Her memoir, When We Dance, is the work of a woman who doesn't want to stand at the back any more.
That's probably why she devotes the first two-thirds of this book to her early life in Africa, hoping, no doubt futilely, that readers don't just skip forward to the bits about Gerry.
The former South African ambassador and Unicef director clearly wants to establish a sense of herself as an intelligent, independent woman in her own right, not merely the consort of a famous man, exploiting his memory on the way to secondary celebrity status.
By the time she meets Ryan, the stage has been set to present the final days she spent with him as a deep and meaningful marriage of minds in its own right too.
In a way, it's a familiar story. Gerry Ryan was with his wife, Morah, for decades and they had five children together.

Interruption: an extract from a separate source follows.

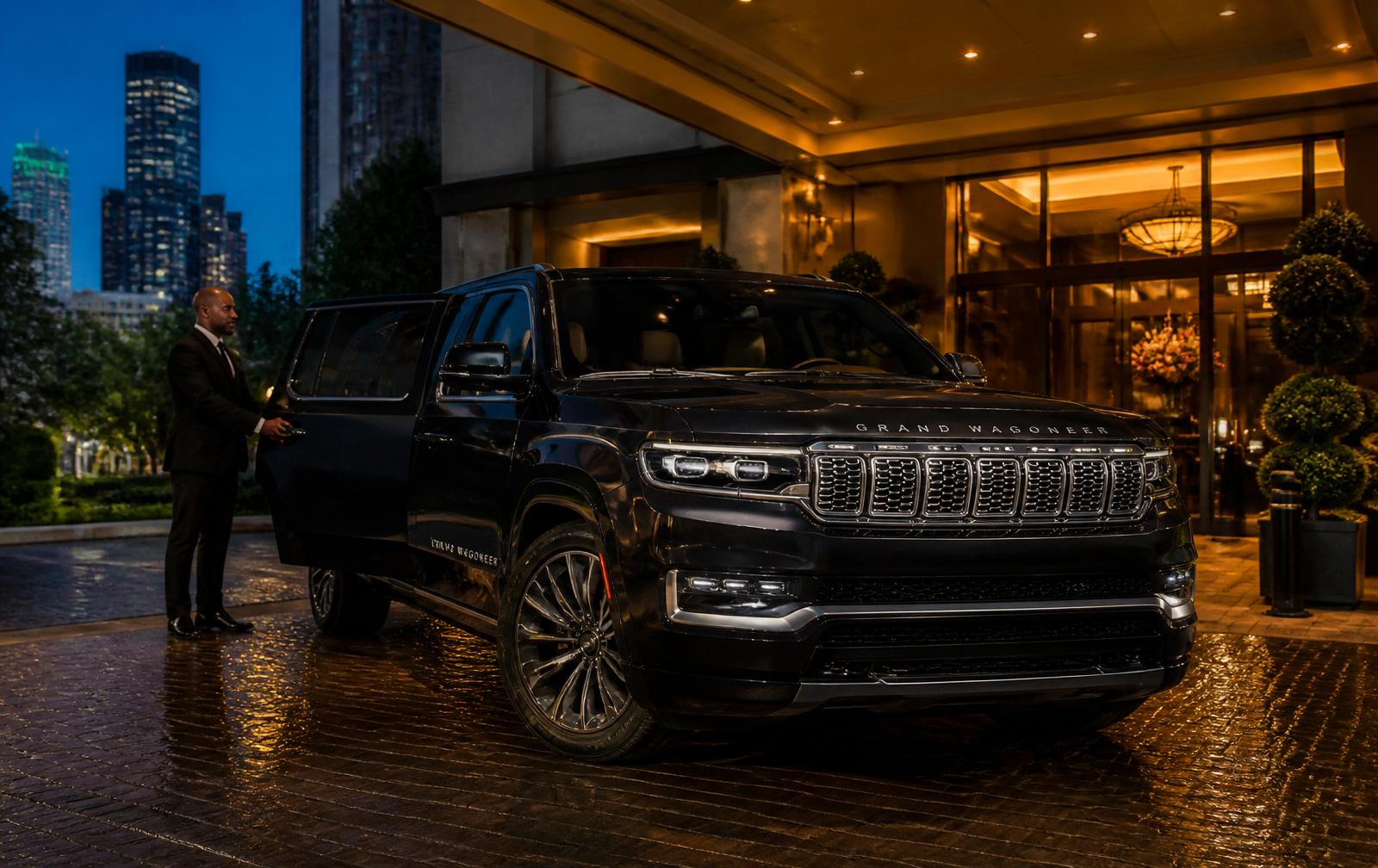 Black Jeep Grand Wagoneer luxury SUV with chauffeur at a five-star DFW hotel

Any subsequent partner is bound to face a struggle to escape the shadow of the past, and, when death strikes, the first family naturally tends to assert its right of precedence. That has to hurt.
If nothing else, Verwoerd succeeds in showing her time with Gerry as real and loving, documenting in almost trainspotterish detail the hours they spent together, the trips abroad, their joint hopes for the future. "The sharing of ideas became a central part of our relationship . . . we were exactly like a pair of lovesick teenagers," she writes.
At times she becomes almost defiant in her affirmation of their bond.
Autobiography, though, is never neutral. The reader sees only what the subject chooses to show, and if too much is left unsaid then doubts arise. Here the black hole is Ryan's obsession with money. Specifically, the lack of it.
"For weeks he could not eat or sleep properly because of the stress," she writes.
Any true portrait of the man has to disentangle his troubled relationship with money, and where that monthly pay cheque of €30,000 went, but this book pointedly doesn't go there.
Drugs would be one answer, but Ms Verwoerd is adamant that whatever cocaine habit he may have had in the past was all over. She spent hours with him every day; she had access to his phone; she would, she insists, have known.
She makes a convincing case, but again it prompts more questions. What were Gerry Ryan's demons?
Verwoerd admits to still being "aware and cautious of my deep need to protect Gerry", and that's the problem. She constantly seems to be holding back. There may be legal constraints, but, having been ushered in to share so many intimacies, readers cannot be expected to simply turn away discreetly when it suits the author.
How did she feel, for example, when his own accountant warned her not to lend money to Ryan? Why did she do it anyway? By the end of his life, she practically seems to have been supporting him.
She must have had thoughts on the matter, but in her desire to champion Ryan's cause she too often allows herself to become a passive observer rather than an active participant.
Only in the aftermath of his death does the book, paradoxically, come alive.
Verwoerd conveys a powerful sense of a woman who finds herself at the edge of her lover's life at the time of his funeral.
It's moving, but in the end this emotional honesty merely highlights the contrasting reticence of her analysis of the man she loved.
There will always be people questioning her motives in writing a memoir like this so soon after the broadcaster's untimely death, but ultimately the book's greatest shortcoming may be tiptoeing too timidly around the legend.
Perhaps Gerry Ryan asked too much when he said: "You must promise me you will talk about me after my death."
That's a huge burden to lay on anyone -- especially when he already had the chance to set the record straight in his own memoir, and didn't take it -- unless you also give them your blessing to tell it as it was.
Even Ryan's closest friends speak vividly of the prickly, complicated man he was. Verwoerd is too easy on that man, and in the process makes it harder on herself.
Which may be why reading in reverse is the right way to approach When We Dance. The real woman is to be found at the start in Africa. The one at the end has become a secondary character in her own life.